Let $(X,\Sigma,\mu)$ be a probability space, and let $g:X \to \mathbb [0,\infty)$ be measurable.
Let $\phi:\mathbb [0,\infty) \to [0,\infty)$ be a convex $C^1$ function.
Furthermore, assume that there exist an $a \in (0,\infty)$ such that
- $\, \phi$ is strictly convex on $[a,\infty)$.
- $c:=\int_X g d\mu \in [a,\infty)$.
Finally, we are given the fact that $\int_X \phi\circ g=\phi(\int_X g)$.
I am trying to prove that $g$ must be constant a.e.
In fact, it suffices to prove that $g(x) \ge a$ a.e, since then the strict convexity of $\phi$ can be applied directly. However, I don't see how to use that to obtain a simpler proof.
I think I found a proof, but I am not sure, and I wonder if there is an easier approach or lemma lying behind here:
First, as is proved here for instance, we deduce from the Jensen equality that
$$ \phi(g(x))-\phi(c)=\phi'(c)\big( g(x)-c\big) \tag{1}$$
for almost every $x \in X$.
Now let $x \in X$ be a generic point, where equation $(1)$ holds. We claim that $g(x) \le c$. Assume otherwise, that $g(x) > c$. Then the mean value theorem implies that $\phi'(c)=\phi'(m(x))$ for some $g(x) >m(x) > c$.
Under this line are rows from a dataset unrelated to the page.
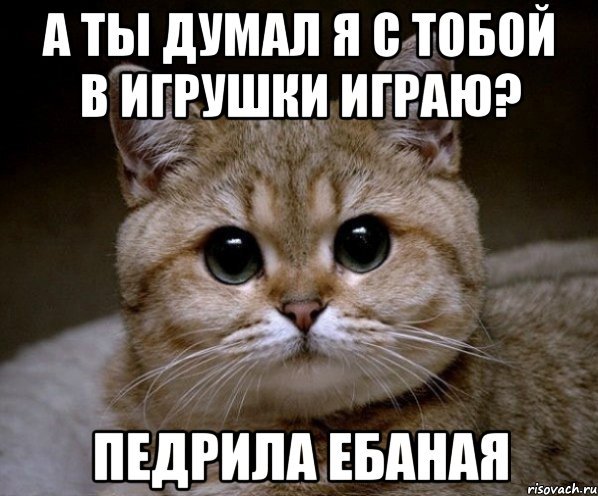 Не стоит говорить коту: "Нет!"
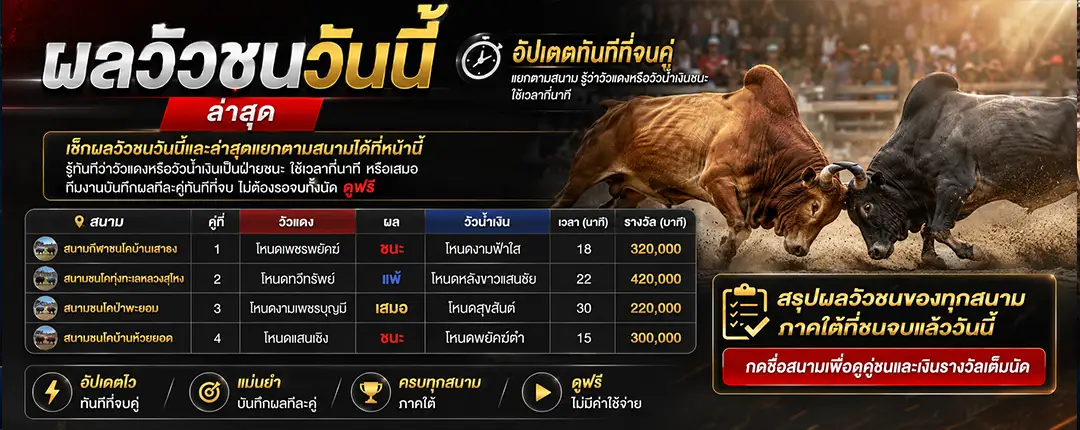 ผลวัวชนวันนี้ล่าสุด สรุปผลแพ้ชนะทุกสนามภาคใต้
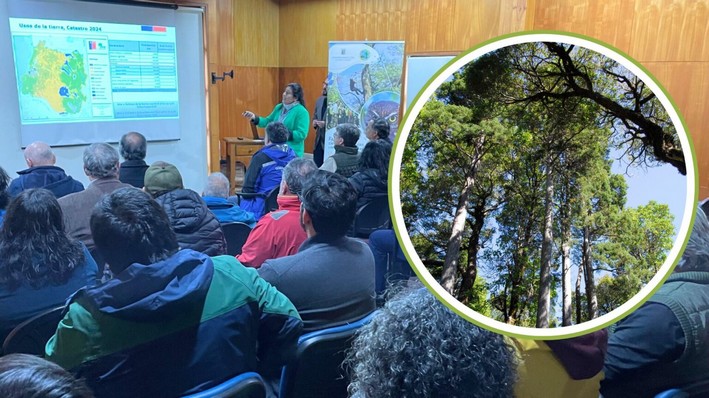 63% of the Los Ríos Region's Surface is Covered by Forest Ecosystems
This contradicts the fact that $g$ is strictly convex on $[a,\infty)$, so its first derivative must be strictly increasing on that interval, and in particular $\phi'(c)<\phi'(m(x))$.
Thus , for a.e. $x \in X$, we have $g(x) \le c$. Integrating, we see that $g(x)=c$ a.e. as required.
Best Answer
First, note that the strict convexity of $\phi$ in $[a,\infty)$ implies that for $x>a\ge y$, $$\phi(t x + (1-t) y) = t\phi(x) + (1-t)\phi(y)$$ implies $t\in \{0,1\}$.
Now, denote $A = g^{-1}([a,\infty))$. Obviously, $\mu(A)>0$. If $\mu(A) = 1$, we are done. Otherwise, denote $x=(\mu(A))^{-1}\int_A g$, and $y=\mu(A^c)^{-1}\int_{A^c} g$. We obviously have $y< a$ and $c= \mu(A)x + \mu(A^c)y$, hence $x>a$.
Thus, using the equality assumption and Jensen's inequality, $$\phi(c) = \int_X \phi\circ g = \int_A \phi\circ g + \int_{A^c} \phi\circ g \ge \mu(A)\phi(x) + \mu(A^c)\phi(y)\ge \phi(c).$$ Therefore equality must hold, hence either $\mu(A)=1$ or $\mu(A^c)=1$, and both options result in a contradiction.